The memory consumption per device becomes:
$$M_{Stage1} = \text{sizeof}(\theta) + \text{sizeof}(\nabla\theta) + \frac{2 \times \text{sizeof}(\theta)}{N} + \text{activations}$$

**Process flow:**
1. Each GPU computes gradients for all parameters
2. All-reduce operation to average gradients across GPUs
3. Each GPU updates only its assigned optimizer states and parameters
4. All-gather operation to synchronize updated parameters

Memory reduction: Approximately 25-33% compared to standard data parallelism.

### ZeRO Stage 2: Gradient Partitioning

Stage 2 adds partitioning of gradients on top of Stage 1:

Each GPU $i$ stores:
- Complete parameters $\theta$
- Partial gradients $\nabla\theta_i$ (only for parameters assigned to GPU $i$)
- Partial optimizer states $m_i$ and $v_i$ (only for parameters assigned to GPU $i$)

The memory consumption per device becomes:
$$M_{Stage2} = \text{sizeof}(\theta) + \frac{\text{sizeof}(\nabla\theta)}{N} + \frac{2 \times \text{sizeof}(\theta)}{N} + \text{activations}$$

**Process flow:**
1. During backward pass, each GPU computes gradients for all parameters
2. Reduce-scatter operation: gradients are partitioned so each GPU retains only its assigned portion
3. Each GPU updates only its assigned optimizer states and parameters
4. All-gather operation to synchronize updated parameters

Memory reduction: Approximately 50% compared to standard data parallelism.

### ZeRO Stage 3: Parameter Partitioning

Stage 3 represents the most aggressive memory optimization, partitioning everything:

Each GPU $i$ stores:
- Partial parameters $\theta_i$
- Partial gradients $\nabla\theta_i$
- Partial optimizer states $m_i$ and $v_i$

The memory consumption per device becomes:
$$M_{Stage3} = \frac{\text{sizeof}(\theta)}{N} + \frac{\text{sizeof}(\nabla\theta)}{N} + \frac{2 \times \text{sizeof}(\theta)}{N} + \text{activations}$$

**Process flow:**
1. Before forward pass, all-gather to collect necessary parameters from other GPUs
2. Forward pass computes using the gathered parameters
3. Release gathered parameters to free memory
4. Re-gather necessary parameters for backward pass
5. Compute gradients during backward pass
6. Reduce-scatter gradients to appropriate GPUs
7. Each GPU updates only its portion of parameters

Memory reduction: Up to 8x compared to standard data parallelism for large models.

## ZeRO-Offload

ZeRO-Offload extends ZeRO by offloading computation and memory to CPU.

**Key components:**
- Optimizer states and gradients stored in CPU memory
- Parameters remain in GPU for computation
- CPU-GPU communication occurs during optimization
- CPU performs optimizer updates while GPU computes next batch

**Mathematical representation:**
For a model with $P$ parameters, traditional training requires $P(4+K)$ bytes of GPU memory (where $K$ represents activation memory).
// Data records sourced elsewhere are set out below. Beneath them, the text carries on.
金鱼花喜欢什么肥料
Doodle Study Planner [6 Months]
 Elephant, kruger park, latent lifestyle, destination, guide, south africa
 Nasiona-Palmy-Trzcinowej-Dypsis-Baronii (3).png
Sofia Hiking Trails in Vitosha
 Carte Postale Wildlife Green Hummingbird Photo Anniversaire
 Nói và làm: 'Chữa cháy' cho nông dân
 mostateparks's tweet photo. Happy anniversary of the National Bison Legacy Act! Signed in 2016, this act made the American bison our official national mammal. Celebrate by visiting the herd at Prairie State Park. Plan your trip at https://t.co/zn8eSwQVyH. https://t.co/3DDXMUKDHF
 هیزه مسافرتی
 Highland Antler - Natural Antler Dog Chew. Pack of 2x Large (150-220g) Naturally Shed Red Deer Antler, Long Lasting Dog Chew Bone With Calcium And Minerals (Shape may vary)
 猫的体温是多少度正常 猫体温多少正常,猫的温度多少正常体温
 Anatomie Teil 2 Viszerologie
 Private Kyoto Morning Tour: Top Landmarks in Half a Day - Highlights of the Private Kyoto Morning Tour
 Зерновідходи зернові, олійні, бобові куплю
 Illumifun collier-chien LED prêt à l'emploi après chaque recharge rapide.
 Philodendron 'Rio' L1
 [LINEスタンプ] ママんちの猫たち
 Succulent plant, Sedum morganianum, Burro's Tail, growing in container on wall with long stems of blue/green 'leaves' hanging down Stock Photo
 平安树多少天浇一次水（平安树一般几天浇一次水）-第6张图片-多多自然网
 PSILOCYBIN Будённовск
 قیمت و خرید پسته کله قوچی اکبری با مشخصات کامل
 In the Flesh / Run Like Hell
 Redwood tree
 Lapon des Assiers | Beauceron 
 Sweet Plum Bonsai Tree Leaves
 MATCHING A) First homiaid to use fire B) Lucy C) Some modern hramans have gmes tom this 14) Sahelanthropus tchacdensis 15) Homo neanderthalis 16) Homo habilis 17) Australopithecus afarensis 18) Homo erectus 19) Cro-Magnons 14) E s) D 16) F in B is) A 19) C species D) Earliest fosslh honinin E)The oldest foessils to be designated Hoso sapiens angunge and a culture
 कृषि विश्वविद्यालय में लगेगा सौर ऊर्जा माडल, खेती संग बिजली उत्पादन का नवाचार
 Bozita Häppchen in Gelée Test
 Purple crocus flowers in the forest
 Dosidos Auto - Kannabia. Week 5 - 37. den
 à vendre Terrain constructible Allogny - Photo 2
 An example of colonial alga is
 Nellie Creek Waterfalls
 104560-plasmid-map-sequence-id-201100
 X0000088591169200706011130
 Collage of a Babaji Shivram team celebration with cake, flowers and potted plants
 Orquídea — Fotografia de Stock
With ZeRO-Offload:
$$M_{GPU} = P + \text{activation memory}$$
$$M_{CPU} = 2P \text{ to } 4P \text{ (depending on optimizer)}$$

**Benefits:**
- Enables training of models 10x larger than standard data parallel training
- Provides up to 5x memory reduction on GPUs
- Works with a single GPU, unlike basic ZeRO which requires multiple GPUs

## ZeRO-Infinity

ZeRO-Infinity takes offloading to the extreme by leveraging both CPU memory and NVMe storage.

**Key features:**
- Partitions model states across GPUs (like ZeRO Stage 3)
- Offloads to CPU memory (like ZeRO-Offload)
- Further offloads to NVMe storage when CPU memory is insufficient
- Uses aggressive pre-fetching and computation-communication overlapping
- Employs bandwidth optimization and memory-centric tiling

**Mathematical model:**
Memory capacity effectively becomes:
$$M_{effective} = M_{GPU} + M_{CPU} + M_{NVMe}$$

With hierarchical memory management:
$$T_{access} = \begin{cases}
T_{fast}, & \text{for GPU memory} \\
T_{medium}, & \text{for CPU memory} \\
T_{slow}, & \text{for NVMe storage}
\end{cases}$$

**Performance optimization:**
ZeRO-Infinity uses bandwidth-optimized memory swapping:
$$T_{swap} = \min\left(\frac{S_{data}}{BW_{achieved}}, T_{computation}\right)$$

Where aggressive prefetching ensures data is available before needed.

## Importance of ZeRO in Deep Learning

ZeRO is crucial for several reasons:

1. **Model Size Scaling**: Enables training of trillion-parameter models that would otherwise be impossible on available hardware.

2. **Democratization**: Allows researchers with limited hardware to train larger models. A model requiring 64 high-end GPUs can be trained on just 16 with ZeRO.

3. **Resource Efficiency**: Maximizes memory utilization across distributed systems, reducing wasted resources.

4. **Training Speed**: By enabling larger batch sizes through memory optimization, ZeRO can accelerate training convergence.

5. **Cost Reduction**: Reduces infrastructure requirements for large-scale model training, lowering overall costs.

## Pros and Cons

### Pros:
- Drastically reduces memory requirements per GPU (up to 8x in Stage 3)
- Enables training of models that would otherwise be impossible
- Maintains computational efficiency with minimal overhead
- Works with existing PyTorch code with minimal changes
- Compatible with other optimization techniques (mixed precision, checkpointing)
- Scales efficiently to thousands of GPUs

### Cons:
- Increased communication overhead, especially in Stage 3
- Additional complexity in implementation and debugging
- Performance depends heavily on network bandwidth and latency
- Potential I/O bottlenecks with ZeRO-Infinity
- Stage 3 may slow down training due to parameter communication
- Integration with custom training loops can be challenging

## Recent Advancements

Recent developments in ZeRO technology include:

1. **ZeRO++**: Enhanced communication efficiency through tensor slicing and localized exchanges, reducing communication volume by up to 50%.

2. **ZeRO-Offload++**: Improved offloading strategies with dynamic threshold-based policies that adapt to model and hardware characteristics.

3. **DeepSpeed Inference with ZeRO**: Adaptation of ZeRO concepts for optimized inference, enabling larger models to be deployed.

4. **ZeRO-DP**: Integration with DeepSpeed Pipeline Parallelism for hybrid parallelism, combining the benefits of both approaches.

5. **Activation Checkpointing with ZeRO**: Coordinated memory-saving techniques that intelligently manage both activation memory and model state memory.

6. **Composition with Tensor Parallelism**: Combined with Megatron-style tensor parallelism for maximum efficiency, enabling training of models beyond a trillion parameters.

7. **Heterogeneous Training**: Support for clusters with diverse GPU configurations, optimizing memory distribution based on available resources.

8. **Smart Gradient Accumulation**: Techniques that reduce memory requirements during gradient accumulation phases for very large batch sizes.